Good thread on combining the bigger picture with larger trading!/time frames & PA info. Great breakdown /charts ,Volume & price. Good 'putting the future possible price action into perspective" along with the market influences. Sharing your perspective. This thread combines the elements of analyzing an overview of the larger environments, with the narrower focus of the faster term Price Analysis. I also appreciate the faster price bar/volume analysis. I believe I also owe you an apology- if my memory serves me correctly- if my memory is flawed, simply disregard- I have found this thread to be instructive and beneficial. And not egocentric! Thanks, SD
I might be able to save you a decade or two of study and frustration. Linear time cycles started with Kondratiev (40 - 72 yrs), then got shorter through Kuznets 15-25 yrs, Juglar 7-11yrs, Kitchen (3-5 yrs), Charles Dow (10 - 60 days) , Elliot (sub minute). The problem is all of these have +/- deviations but Schumpter didn't subscribe to fixed time cycles as he thought varying time cycles held more accuracy. Gann was a major player in time and understood the play between linear and space time and how it impacts the market, but imo Hurst was the one who cracked the problem of conflicting cycles that create the distortions in linear cycles. If you play any kind of linear cycle you will find it works but by the time you can project the next cycle there is a great danger that it will go out of phase because linear time projections will not work for long. Re. market participation, the public is out of the market and for a very long time institutional money has replaced private investors. This is a bear market with decreasing volumes and government stimuli keeping it afloat. It is a false market and the ones left holding the bag will be the public in their IRA's and mutuals. Market tops are easy to pick, market bottoms in a bear market are infamous for offering hope and destroying everyone who buys and holds. It is a real traders play that will sort the sheep from the goats. Re. the C/R, it was on the daily candle and needed to trigger the next day. When it didn't the C/R no longer existed - it just became a messy pause. To find another C/R you'd have to see one form on the weekly charts and that has not happened.

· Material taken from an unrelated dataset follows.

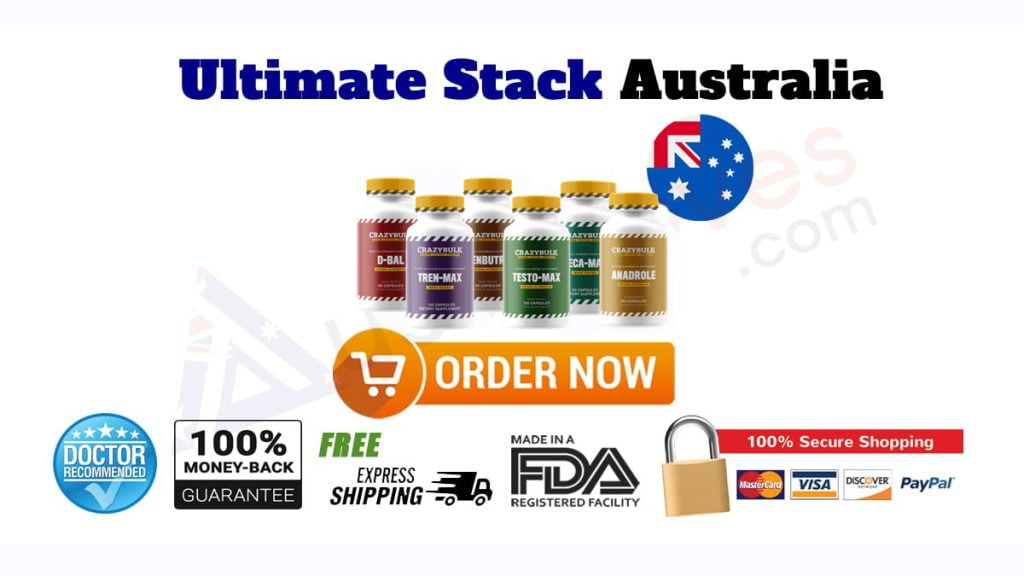 The Secret to a Lean & Chiselled Physique: Crazy Bulk’s Ultimate Stack 4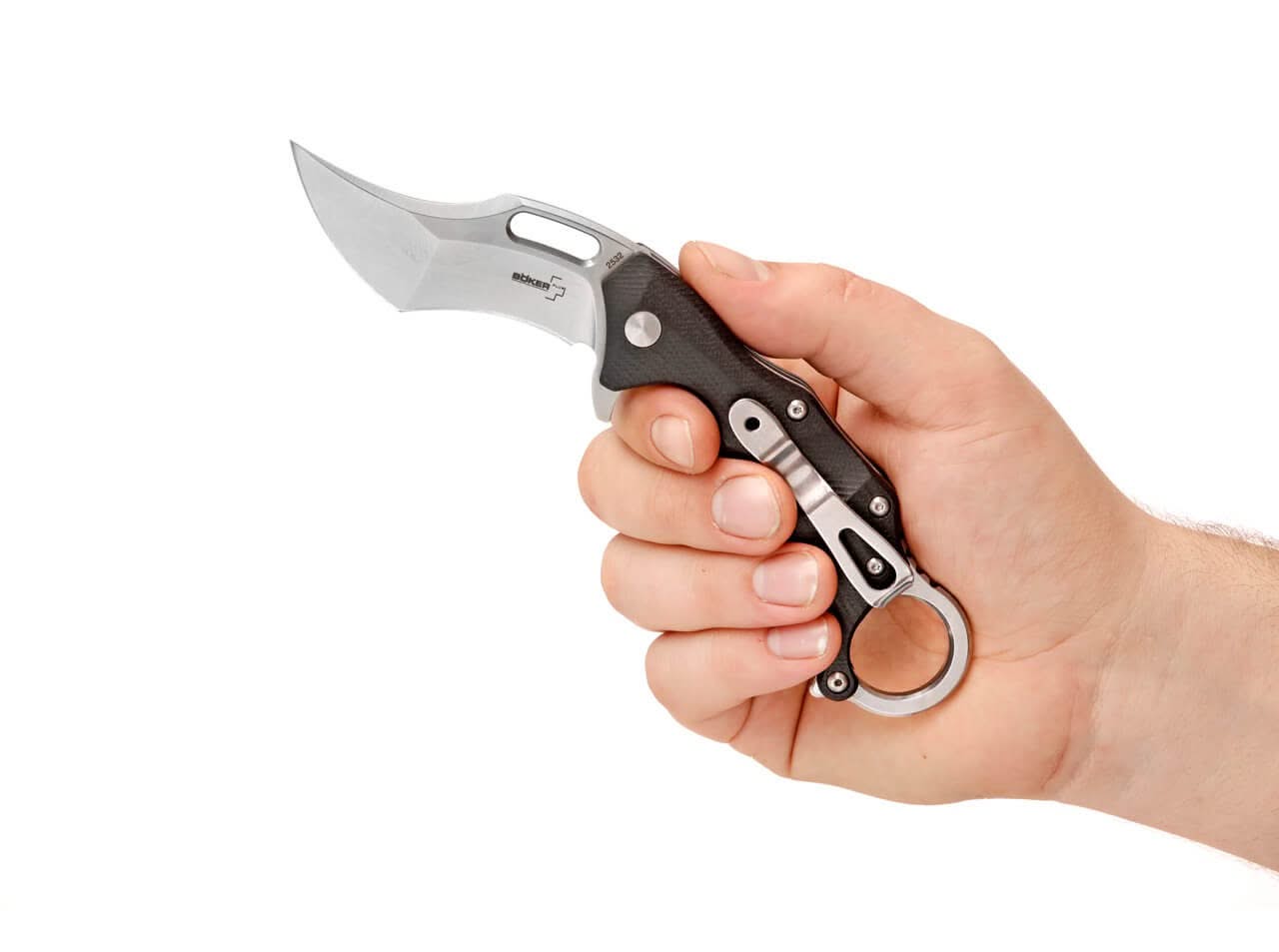 Boker 01BO772 Wildcat Karambit -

Ha, your cheating here as you learned a bit about this from an old thread you investigated and good for you. It's a bit beyond the scope of what I am doing here as I am trying to keep this out of the advanced level. Post that on the "thoughts" forum and I'll deal with it there. It will derail us here.
You sir are an gentleman. Thanks for the apology and the kind comments. Family health issues and trading other markets constrains me from going into the really small time frames where for me most of the fun exists. However the methods don't change for the smaller time frame so hopefully daytraders will benefit from what they see here.